Every line of the material below needs to be copied exactly; omit the pictures.

> DATA SHOWN
+ + + + + + +
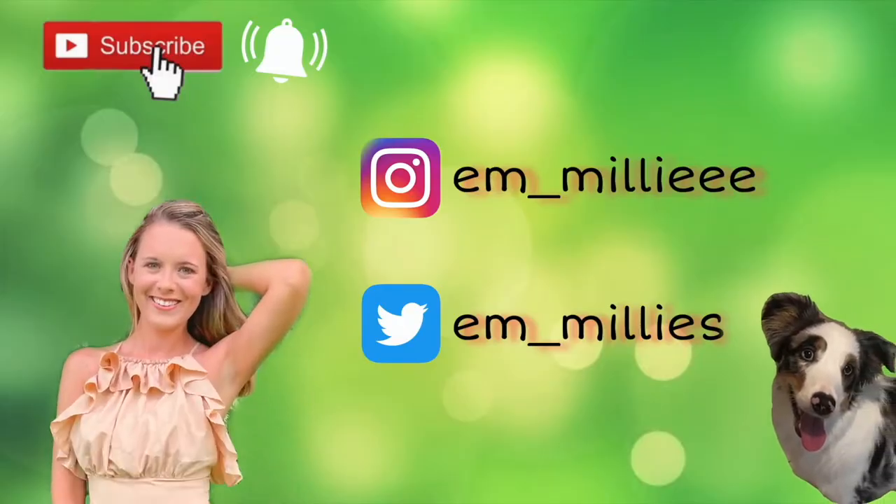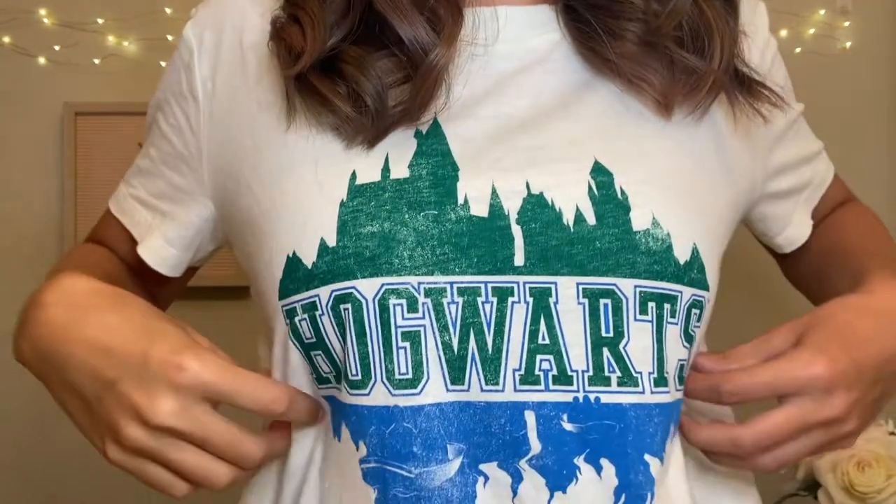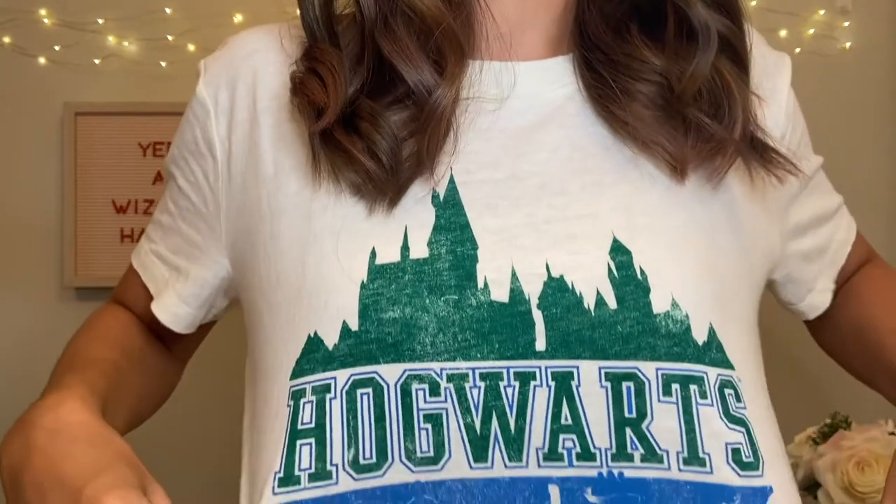Hey everyone and welcome back to my channel. Is the wand too much? So today, if you haven't noticed by my wand, my sign back here, and I'm also wearing my Harry Potter Hogwarts shirt, which is green, which is perfect for today because today I'm going to be reviewing the Ulta and Harry Potter collection.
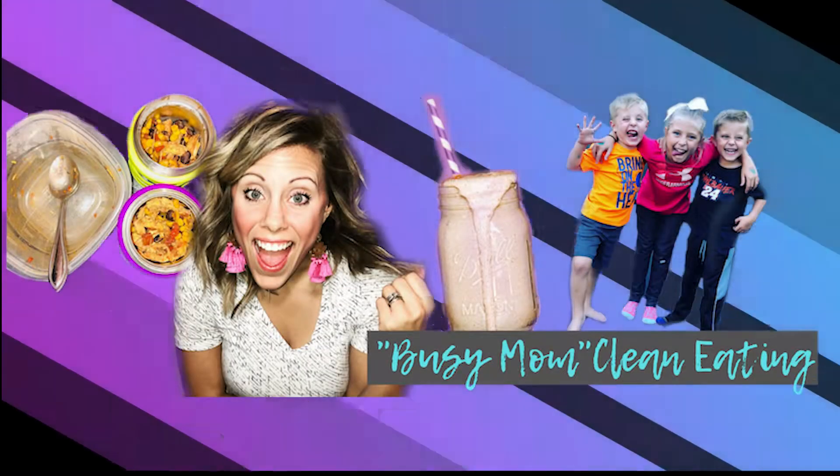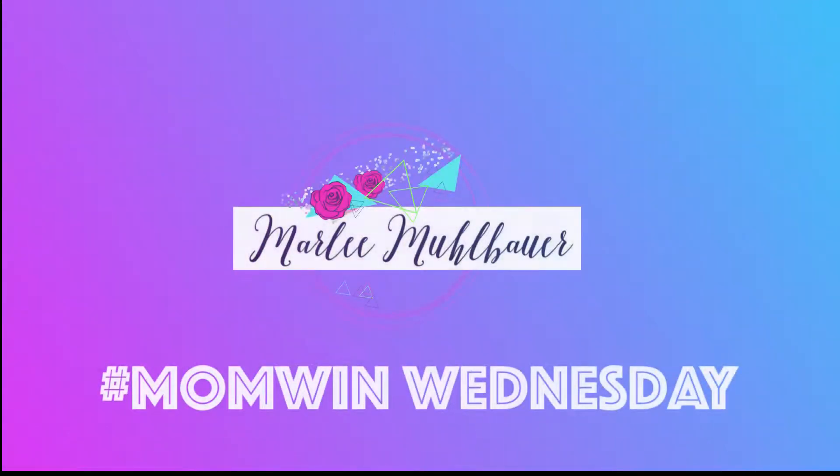Hi busy mom, welcome back to the channel. This week's episode is the five best brands to clean eat with kids. My name is Marlee Mulebar and I'm a nutritional health coach. I've had the pleasure of helping hundreds of moms clean eat and convert their families over to a healthier lifestyle, as well as my biggest challenge — my three kids when I first started. So these are the five brands that are my kids' favorites.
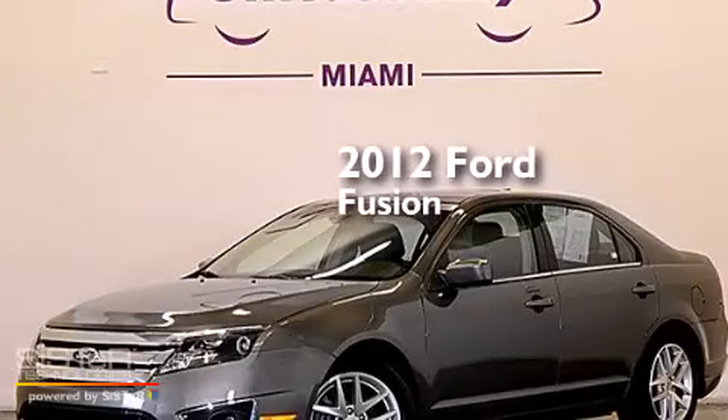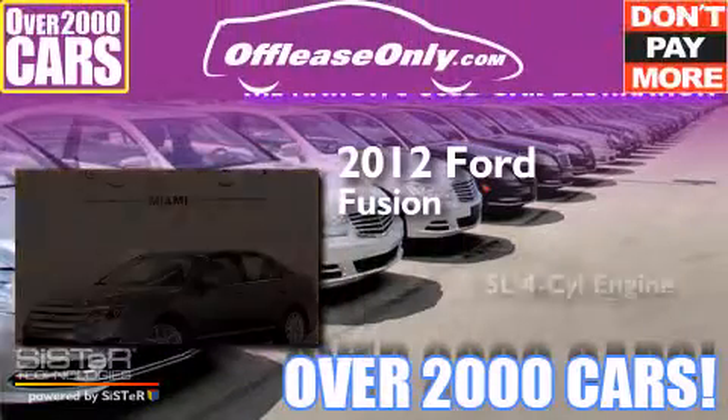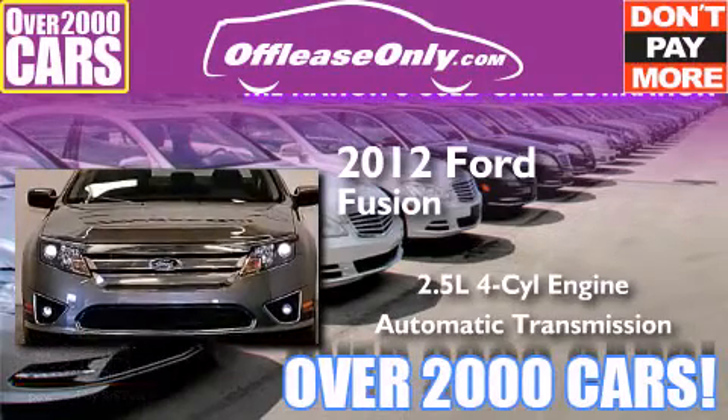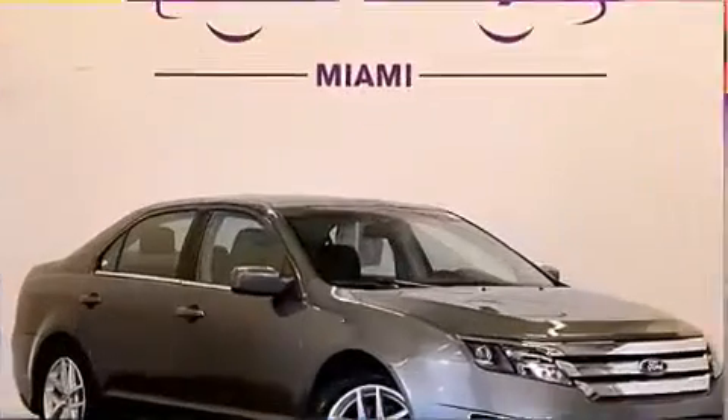This is a 2012 Ford Fusion. It has a 2.5 liter 4-cylinder engine and automatic transmission. Having just come off lease, this Ford is in like new condition.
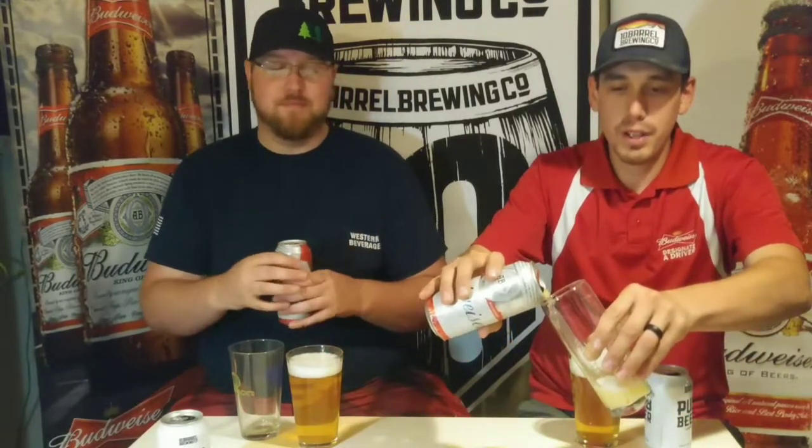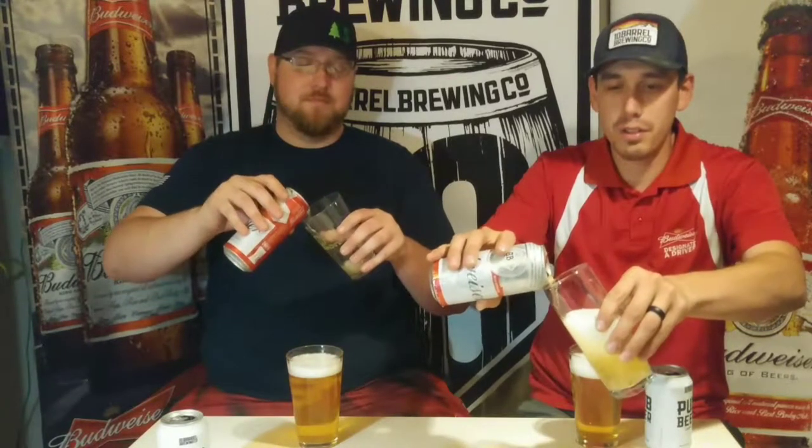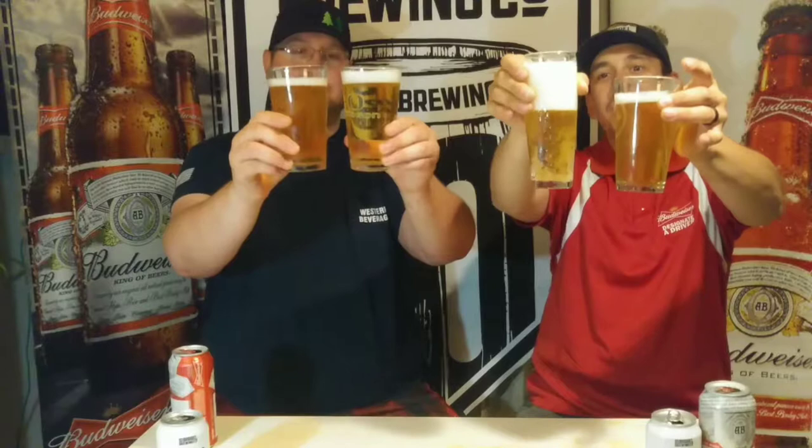Tim is much better at pouring than me — not a drop wasted. Now let's open up the Budweiser and pour it in a glass to compare colors. Right off the bat, Pub Beer is a lot darker in color, and the head on the Bud is impressive. Look at that color difference — Pub Beer is a much darker yellow, and Budweiser is very clear. That tells me Pub Beer has a little more body to it.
+ + + + + + +
> WRITTEN SOLUTION
Hey everyone and welcome back to my channel. Is the wand too much? So today, if you haven't noticed by my wand, my sign back here, and I'm also wearing my Harry Potter Hogwarts shirt, which is green, which is perfect for today because today I'm going to be reviewing the Ulta and Harry Potter collection.
Hi busy mom, welcome back to the channel. This week's episode is the five best brands to clean eat with kids. My name is Marlee Mulebar and I'm a nutritional health coach. I've had the pleasure of helping hundreds of moms clean eat and convert their families over to a healthier lifestyle, as well as my biggest challenge — my three kids when I first started. So these are the five brands that are my kids' favorites.
This is a 2012 Ford Fusion. It has a 2.5 liter 4-cylinder engine and automatic transmission. Having just come off lease, this Ford is in like new condition.
Tim is much better at pouring than me — not a drop wasted. Now let's open up the Budweiser and pour it in a glass to compare colors. Right off the bat, Pub Beer is a lot darker in color, and the head on the Bud is impressive. Look at that color difference — Pub Beer is a much darker yellow, and Budweiser is very clear. That tells me Pub Beer has a little more body to it.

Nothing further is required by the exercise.